Rachels Heaven & Hell at Ras Na Mban
5 CommentsTuesday, 15 September 2015 | Admin
Ras na Mban 2015
Wednesday: Dromoland to Barefield
On Wednesday afternoon, I made my way to Nenagh CC headquarters in Barefield, Co Clare. Majella, Sinead (Kennedy) and Sinnead (Oakes) had arrived before me and Monica (our guest rider from Orwell Wheelers) rolled up soon after. We spent some time settling in and discussing stage one, with team manager Kenneth and driver Bertie preparing the bikes. They weren’t overly impressed with the bikes’ cleanliness but they were soon sparkling and ready to go. We went to Dromoland Inn to sign on at around 3:30, feeling increasingly anxious as we saw teams with matching bikes and coordinated kit. We went through registration quickly, delighted to receive Ras na Mban caps. We then returned to HQ to have a final snack before race time.

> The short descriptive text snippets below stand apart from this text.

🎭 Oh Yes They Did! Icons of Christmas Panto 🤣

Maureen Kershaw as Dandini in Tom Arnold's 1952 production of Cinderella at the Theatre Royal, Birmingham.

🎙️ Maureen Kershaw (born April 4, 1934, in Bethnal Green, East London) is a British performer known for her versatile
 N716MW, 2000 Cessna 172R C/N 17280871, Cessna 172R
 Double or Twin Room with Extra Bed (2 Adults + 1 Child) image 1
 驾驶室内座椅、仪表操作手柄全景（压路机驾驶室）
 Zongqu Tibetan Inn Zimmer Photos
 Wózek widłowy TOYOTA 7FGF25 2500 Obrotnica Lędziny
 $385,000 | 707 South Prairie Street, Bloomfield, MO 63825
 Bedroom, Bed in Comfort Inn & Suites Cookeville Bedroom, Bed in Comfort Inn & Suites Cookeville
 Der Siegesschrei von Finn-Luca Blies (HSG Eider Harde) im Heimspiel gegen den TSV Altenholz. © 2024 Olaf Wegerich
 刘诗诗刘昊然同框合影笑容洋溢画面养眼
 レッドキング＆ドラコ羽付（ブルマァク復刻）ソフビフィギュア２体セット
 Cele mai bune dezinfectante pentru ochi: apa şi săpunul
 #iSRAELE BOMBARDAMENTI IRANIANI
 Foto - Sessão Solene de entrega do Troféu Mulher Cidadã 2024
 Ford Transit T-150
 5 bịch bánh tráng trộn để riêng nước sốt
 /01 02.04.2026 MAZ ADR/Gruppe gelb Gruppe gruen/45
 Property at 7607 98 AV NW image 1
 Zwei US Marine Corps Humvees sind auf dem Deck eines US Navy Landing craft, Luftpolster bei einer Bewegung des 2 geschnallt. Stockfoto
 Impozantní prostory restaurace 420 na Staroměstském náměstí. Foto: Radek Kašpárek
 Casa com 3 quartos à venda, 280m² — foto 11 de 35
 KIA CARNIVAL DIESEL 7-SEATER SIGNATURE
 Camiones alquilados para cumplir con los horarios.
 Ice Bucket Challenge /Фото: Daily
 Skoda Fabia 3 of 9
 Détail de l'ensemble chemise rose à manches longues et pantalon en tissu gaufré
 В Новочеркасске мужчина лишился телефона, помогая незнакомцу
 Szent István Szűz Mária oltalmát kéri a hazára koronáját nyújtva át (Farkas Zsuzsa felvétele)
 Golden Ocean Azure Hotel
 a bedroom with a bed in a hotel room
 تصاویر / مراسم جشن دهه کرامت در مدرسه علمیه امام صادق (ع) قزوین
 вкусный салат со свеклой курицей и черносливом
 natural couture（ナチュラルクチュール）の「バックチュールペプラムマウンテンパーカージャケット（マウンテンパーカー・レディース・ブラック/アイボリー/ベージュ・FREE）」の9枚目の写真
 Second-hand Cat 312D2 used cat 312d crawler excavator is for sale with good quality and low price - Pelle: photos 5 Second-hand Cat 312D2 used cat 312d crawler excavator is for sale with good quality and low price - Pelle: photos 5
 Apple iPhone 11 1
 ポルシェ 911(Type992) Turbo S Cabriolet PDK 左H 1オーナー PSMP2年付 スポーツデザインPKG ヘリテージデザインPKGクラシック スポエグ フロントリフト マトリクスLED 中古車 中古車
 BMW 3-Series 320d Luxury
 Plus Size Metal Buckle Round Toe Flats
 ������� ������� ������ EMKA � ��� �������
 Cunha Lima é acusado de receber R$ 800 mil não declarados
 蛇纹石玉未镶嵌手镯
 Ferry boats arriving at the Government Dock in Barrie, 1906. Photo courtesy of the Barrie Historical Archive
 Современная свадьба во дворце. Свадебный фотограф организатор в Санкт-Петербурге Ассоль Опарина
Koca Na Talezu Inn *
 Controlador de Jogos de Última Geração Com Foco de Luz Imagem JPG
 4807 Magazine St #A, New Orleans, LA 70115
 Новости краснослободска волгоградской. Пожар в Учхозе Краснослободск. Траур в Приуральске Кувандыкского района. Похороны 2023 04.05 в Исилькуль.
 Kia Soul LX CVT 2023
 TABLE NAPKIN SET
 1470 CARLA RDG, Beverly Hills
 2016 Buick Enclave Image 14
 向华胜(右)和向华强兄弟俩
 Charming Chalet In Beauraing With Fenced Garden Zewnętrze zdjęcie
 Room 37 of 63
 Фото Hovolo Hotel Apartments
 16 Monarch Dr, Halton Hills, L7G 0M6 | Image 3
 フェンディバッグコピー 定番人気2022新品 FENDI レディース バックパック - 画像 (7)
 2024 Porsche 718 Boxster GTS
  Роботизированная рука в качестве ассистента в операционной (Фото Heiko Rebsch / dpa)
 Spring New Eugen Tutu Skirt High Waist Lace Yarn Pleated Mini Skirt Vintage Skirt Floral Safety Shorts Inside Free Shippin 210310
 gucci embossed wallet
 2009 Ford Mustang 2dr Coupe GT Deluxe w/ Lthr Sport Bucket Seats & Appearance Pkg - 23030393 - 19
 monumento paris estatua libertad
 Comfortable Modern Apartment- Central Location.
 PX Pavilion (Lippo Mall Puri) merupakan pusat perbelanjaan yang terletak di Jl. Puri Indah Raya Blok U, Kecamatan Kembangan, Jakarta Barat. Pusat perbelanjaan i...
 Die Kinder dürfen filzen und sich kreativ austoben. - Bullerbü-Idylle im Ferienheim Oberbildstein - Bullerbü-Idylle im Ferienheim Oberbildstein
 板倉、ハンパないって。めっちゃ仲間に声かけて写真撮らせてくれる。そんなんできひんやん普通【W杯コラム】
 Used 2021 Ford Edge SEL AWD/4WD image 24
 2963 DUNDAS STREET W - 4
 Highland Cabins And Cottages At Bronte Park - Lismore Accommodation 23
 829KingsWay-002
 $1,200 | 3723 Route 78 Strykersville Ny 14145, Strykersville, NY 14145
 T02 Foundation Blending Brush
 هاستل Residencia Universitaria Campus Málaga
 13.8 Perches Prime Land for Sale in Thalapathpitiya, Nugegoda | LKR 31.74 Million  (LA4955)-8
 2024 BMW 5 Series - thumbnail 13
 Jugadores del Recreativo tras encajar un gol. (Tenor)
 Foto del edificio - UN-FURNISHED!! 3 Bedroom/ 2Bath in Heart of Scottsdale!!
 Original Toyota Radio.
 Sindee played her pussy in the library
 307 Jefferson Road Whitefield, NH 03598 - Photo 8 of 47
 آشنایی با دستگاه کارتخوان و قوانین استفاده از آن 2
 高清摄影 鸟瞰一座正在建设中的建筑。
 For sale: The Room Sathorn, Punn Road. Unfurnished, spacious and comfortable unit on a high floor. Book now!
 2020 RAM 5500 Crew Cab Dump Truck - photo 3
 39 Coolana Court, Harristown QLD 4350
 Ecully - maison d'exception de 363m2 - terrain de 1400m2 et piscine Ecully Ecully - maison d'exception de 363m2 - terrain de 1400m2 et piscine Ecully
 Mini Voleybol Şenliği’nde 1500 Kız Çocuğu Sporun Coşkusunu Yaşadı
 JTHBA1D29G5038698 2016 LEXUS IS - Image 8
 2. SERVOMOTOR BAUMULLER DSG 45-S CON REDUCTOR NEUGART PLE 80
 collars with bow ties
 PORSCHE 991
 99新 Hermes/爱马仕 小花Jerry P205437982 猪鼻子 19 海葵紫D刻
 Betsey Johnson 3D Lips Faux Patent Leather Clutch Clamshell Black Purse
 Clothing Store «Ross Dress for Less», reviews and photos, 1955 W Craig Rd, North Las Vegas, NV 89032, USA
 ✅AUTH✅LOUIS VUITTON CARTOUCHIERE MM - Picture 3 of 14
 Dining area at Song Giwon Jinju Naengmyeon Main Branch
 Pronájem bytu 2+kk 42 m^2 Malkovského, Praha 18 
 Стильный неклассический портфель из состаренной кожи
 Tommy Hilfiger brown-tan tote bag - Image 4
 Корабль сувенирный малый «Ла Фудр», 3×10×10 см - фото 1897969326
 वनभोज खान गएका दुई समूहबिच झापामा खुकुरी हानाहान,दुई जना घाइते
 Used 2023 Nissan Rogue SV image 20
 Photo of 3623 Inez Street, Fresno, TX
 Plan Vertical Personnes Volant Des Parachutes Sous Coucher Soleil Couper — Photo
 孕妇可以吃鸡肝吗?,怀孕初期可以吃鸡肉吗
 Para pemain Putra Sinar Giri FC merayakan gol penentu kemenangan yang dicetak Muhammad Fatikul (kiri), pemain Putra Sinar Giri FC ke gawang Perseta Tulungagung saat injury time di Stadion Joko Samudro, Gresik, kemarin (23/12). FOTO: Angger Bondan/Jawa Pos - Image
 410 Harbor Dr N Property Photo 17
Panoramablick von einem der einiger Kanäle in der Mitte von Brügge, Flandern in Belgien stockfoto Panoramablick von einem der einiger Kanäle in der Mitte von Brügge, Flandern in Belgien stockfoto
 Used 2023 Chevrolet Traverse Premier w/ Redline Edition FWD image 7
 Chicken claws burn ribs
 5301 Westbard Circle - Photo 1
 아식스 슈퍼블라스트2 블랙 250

We drove back to Dromoland Inn at five and did a short warm-up before assembling at the front steps at 5:30. A big group of Nenagh CC supporters were on hand to cheer us on, which was a fantastic surprise. Outbursts of “Go on Nenagh” drowned out other voices as we took our first pedal strokes. The first 4km were neutralized but the pace was still hot from the get-go. As usual, I found myself near the back in no time. I sometimes make an attempt to move up the bunch but invariably I find myself slipping back between riders. Proper positioning comes down to experience and confidence, which are two things I need to work on. Anyway, I’m happy enough with being behind the bunch, as that seems like a relatively safe place to be. Within 2km of the race actually kicking off though, there was a crash. Luckily, we all managed to avoid the domino effect of tumbling riders. The biggest challenge of the day was at the 32km mark. Although there were moments before that when I was under pressure, I arrived at our first categorized climb (cat 2) at Maghera with the bunch.
The top riders shot off at top speed. I was way at the back but managed to pass quite a few others on the ascent. I was actually surprised at the progress I made. I was even more surprised to see fellow Nenagh CC club members dotted along the route screaming out encouragement. I lost touch with the main bunch maybe 80% up the climb but linked up with a high-speed train on the descent. Those ladies were really pushing it on the way down. I left my customary gap, which made life difficult as I kept having to chase back on. Still, I regained contact on the flat and our group worked hard to chase down the main bunch, which we did. That was another pleasant surprise because I thought they were long gone. The last 15-20km were uneventful. There were a few surges on the drags but for the most part, I was comfortable. The stage ended in a bunch sprint and I was delighted to cruise in at the back. I flew straight over to the Nenagh crew to receive happy hugs. Sinead and Monica came in soon afterwards, followed by Sinnead (who had, in her words, “a very bad puncture”) and then Majella. Though Sinnead was frustrated by her ill-timed puncture, everyone was relieved to have finished in one piece.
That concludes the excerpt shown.